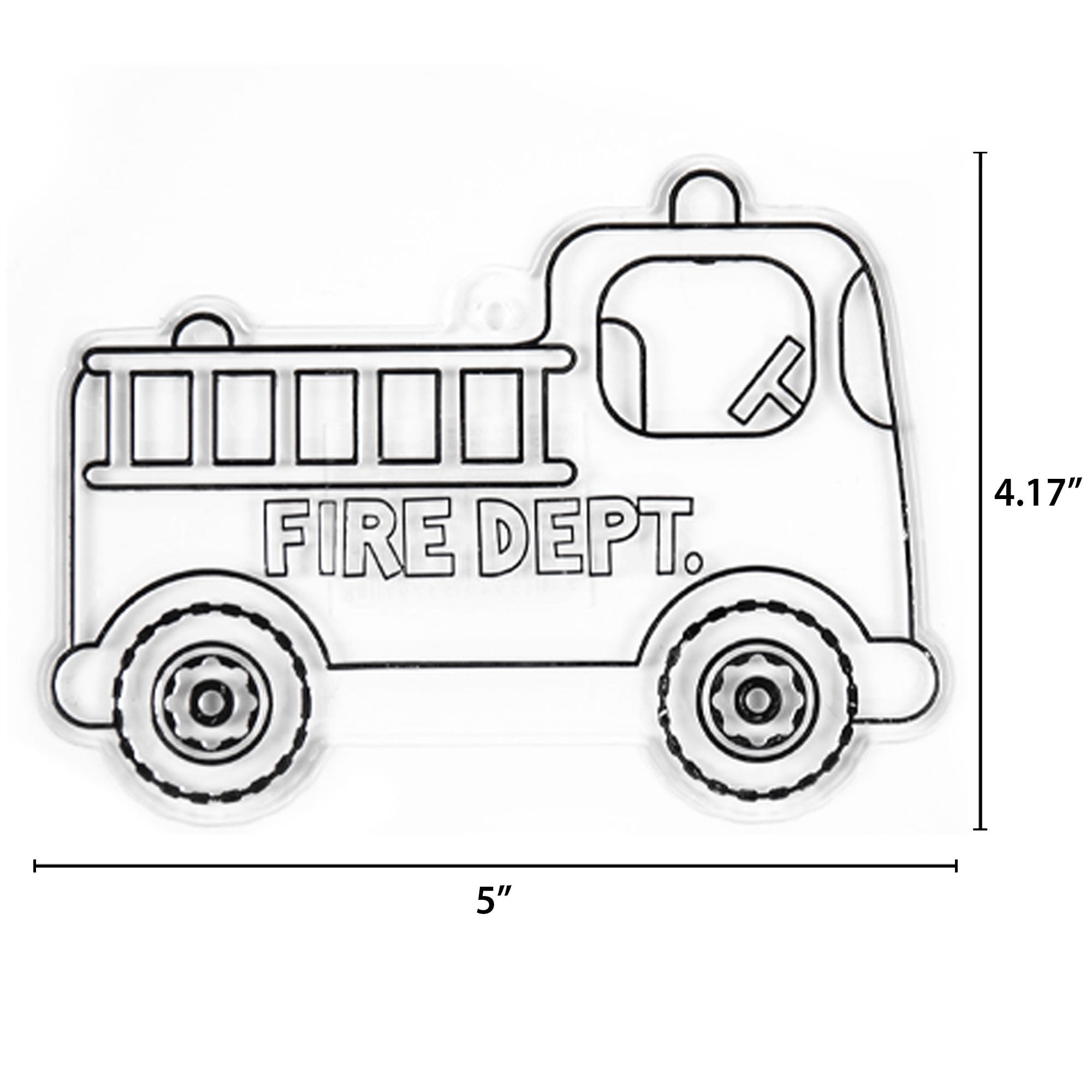 Hello Hobby Ready-to-Paint Fire Truck Suncatcher
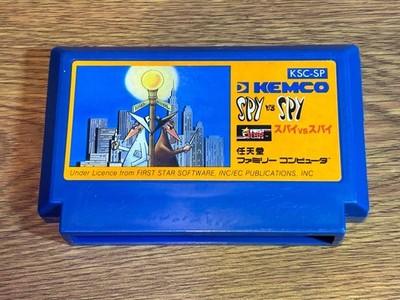 Spy vs Spy Famicom NES Nintendo Kemco Japan NTSC-J 1986 Action MAD Stealth Game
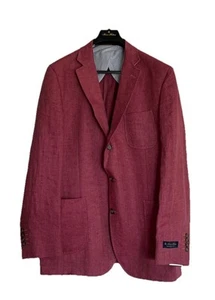 NWT Brooks Brothers 44 L Regent Fit Agelico Italy Unstructured Linen - Picture 1 of 12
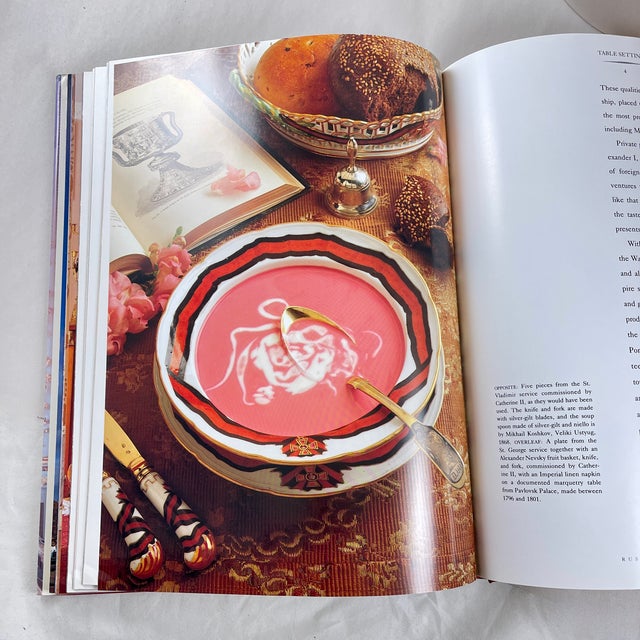 Paper Russian Imperial Style Book, Hardbound, 1st Edition With Jacket For Sale - Image 7 of 10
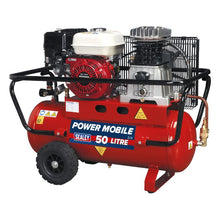 Load image into Gallery viewer, Sealey Air Compressor 50L Belt Drive Petrol Engine 5.5hp
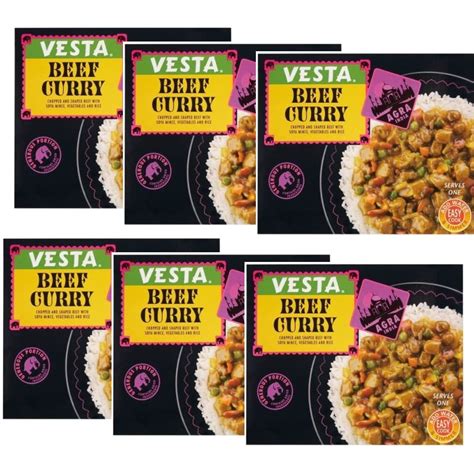 Vesta Beef and Rice Curry 215g 6 Packs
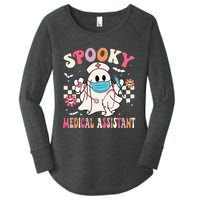 Spooky Medical Assistant Cute Halloween Med Assistant Women's Perfect Tri Tunic Long Sleeve Shirt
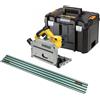 DEWALT DWS520KTR-QS sega affondamento 1300w 165mm max 55mm guida 150cm dws5022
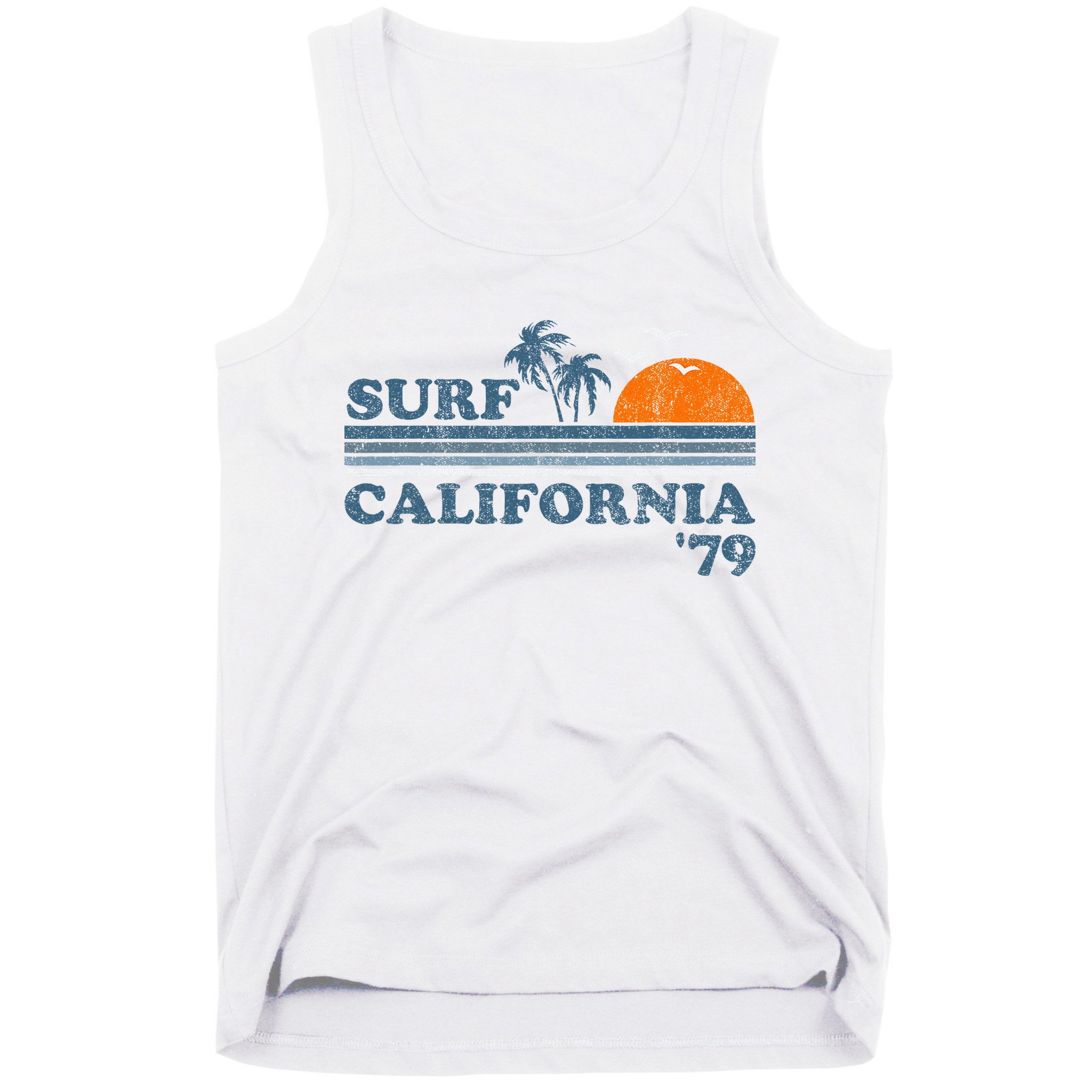 Vintage Surf California Beach Retro Sunset Surf 70S Gift Tank Top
========================================================================
Full transcription without images: please go through the records and repeat them exactly.

RESULT OF THE TASK:
 Hello Hobby Ready-to-Paint Fire Truck Suncatcher
 Spy vs Spy Famicom NES Nintendo Kemco Japan NTSC-J 1986 Action MAD Stealth Game
 NWT Brooks Brothers 44 L Regent Fit Agelico Italy Unstructured Linen - Picture 1 of 12
 Paper Russian Imperial Style Book, Hardbound, 1st Edition With Jacket For Sale - Image 7 of 10
 Load image into Gallery viewer, Sealey Air Compressor 50L Belt Drive Petrol Engine 5.5hp
 Vesta Beef and Rice Curry 215g 6 Packs
 Spooky Medical Assistant Cute Halloween Med Assistant Women's Perfect Tri Tunic Long Sleeve Shirt
 DEWALT DWS520KTR-QS sega affondamento 1300w 165mm max 55mm guida 150cm dws5022
 Vintage Surf California Beach Retro Sunset Surf 70S Gift Tank Top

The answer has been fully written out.